In some embodiments, the enzyme coding sequence encoding the CRISPR enzyme is codon-optimized for expression in a particular cell, such as a eukaryotic cell. The eukaryotic cell may be or may be derived from a particular organism, e.g., a mammalian eukaryotic cell, including, but not limited to, a human, mouse, rat, rabbit, dog, or non-human primate. In general, codon optimization refers to the process of modifying a nucleic acid sequence by replacing at least one codon of the native sequence with a codon that is frequently or most frequently used in the genes of the host cell, while maintaining the native amino acid sequence, to enhance expression in the host cell of interest. Different species exhibit unique biases for certain codons of certain amino acids. Codon bias (differences in codon usage between organisms) often correlates with the efficiency of messenger RNA (mRNA) translation, which is believed to depend, among other things, on the nature of the codons being translated and the availability of certain transfer RNA (tRNA) molecules.
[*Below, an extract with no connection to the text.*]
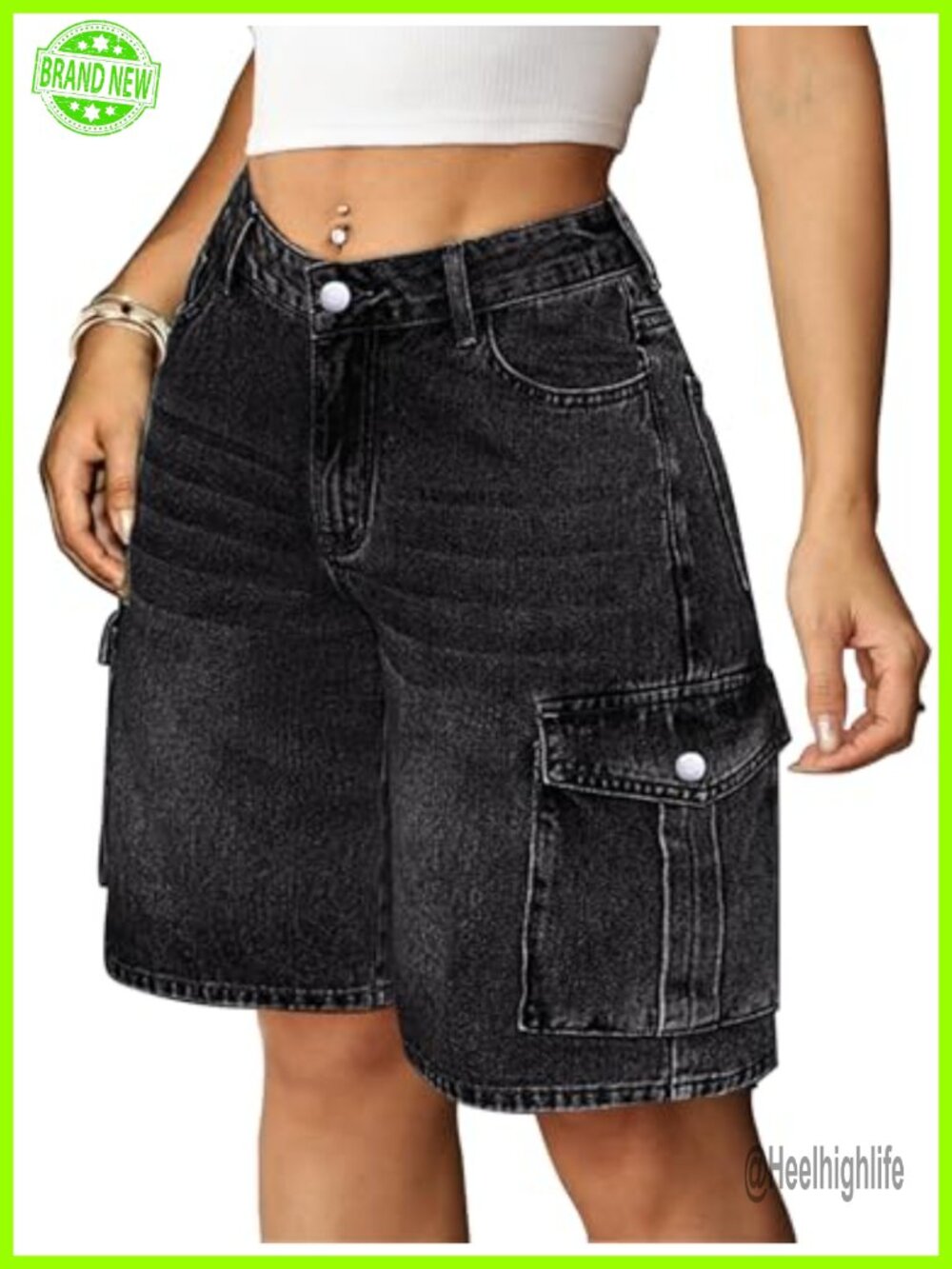 Y2K Baggy Bermuda Cargo Jorts for Women, Stretchy Denim Knee Length 9" Inseam,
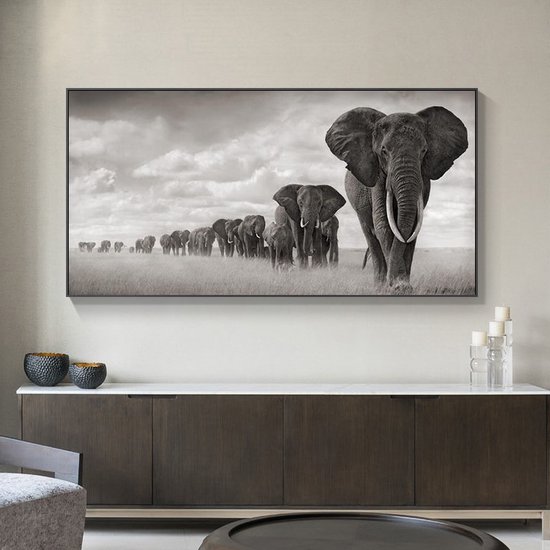 Olifanten Kudde - Afrika - Savanne - XL Poster - 100 x 50cm - Posters - Wanddecoratie - Kunst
In a given cell, the predominance of a selected tRNA reflects that it is the codon most frequently used in peptide synthesis. Thus, genes can be tailored based on codon optimization for optimal gene expression in a particular organism.

Generally, a guide sequence is any polynucleotide sequence that has sufficient complementarity with a target polynucleotide sequence to hybridize to the target sequence and induce sequence-specific binding of a CRISPR complex to the target sequence. In some embodiments, the degree of complementarity between a guide sequence and its corresponding target sequence, when properly aligned using a suitable alignment algorithm, is about 50%, about 60%, about 75%, about 80%, about 85%, about 90%, about 95%, about 97.5%, about 99%, or more, or greater than about 50%, about 60%, about 75%, about 80%, about 85%, about 90%, about 95%, about 97.5%, about 99%, or more.

Optimal alignment can be determined using any suitable algorithm for aligning sequences. Non-limiting examples include the Smith-Waterman algorithm, the Needleman-Wunsch algorithm, algorithms based on the Burrows-Wheeler Transform (e.g., Burrows Wheeler Aligner), Clustal W, Clustal X, BLAT, Novoalign (Novocraft Technologies, ELAND (Illumina, San Diego, Calif.), SOAP (available from soap.genomics.org.cn), and Maq (available from maq.sourceforge.net).

The CRISPR enzyme may be part of a fusion protein that includes one or more heterologous protein domains. The CRISPR enzyme fusion protein may include any additional protein sequence, optionally a linker sequence, between any two domains. Examples of protein domains that can be fused to the CRISPR enzyme include, but are not limited to, epitope tags, reporter gene sequences, and protein domains with one or more of the following activities: methylase activity, demethylase activity, transcriptional activation activity, transcriptional repression activity, transcriptional release factor activity, histone modification activity, RNA cleavage activity, and nucleic acid binding activity. Non-limiting examples of epitope tags include histidine (His) tags, V5 tags, FLAG tags, influenza hemagglutinin (HA) tags, Myc tags, VSV-G tags, and thioredoxin (Trx) tags. Examples of reporter genes include, but are not limited to, glutathione-5-transferase (GST), horseradish peroxidase (HRP), chloramphenicol acetyltransferase (CAT) β-galactosidase, β-glucuronidase, luciferase, green fluorescent protein (GFP), autofluorescent proteins including HcRed, DsRed, cyan fluorescent protein (CFP), yellow fluorescent protein (YFP), and blue fluorescent protein (BFP). CRISPR enzymes may be fused to genetic sequences encoding proteins or protein fragments that bind to DNA molecules or other cellular molecules including, but not limited to, maltose binding protein (MBP), S-tags, LexA DNA binding domain (DBD) fusions, GAL4A DNA binding domain fusions, and herpes simplex virus (HSV) BP16 protein fusions. Additional domains that can be part of fusion proteins containing CRISPR enzymes are described in US20110059502, which is incorporated herein by reference.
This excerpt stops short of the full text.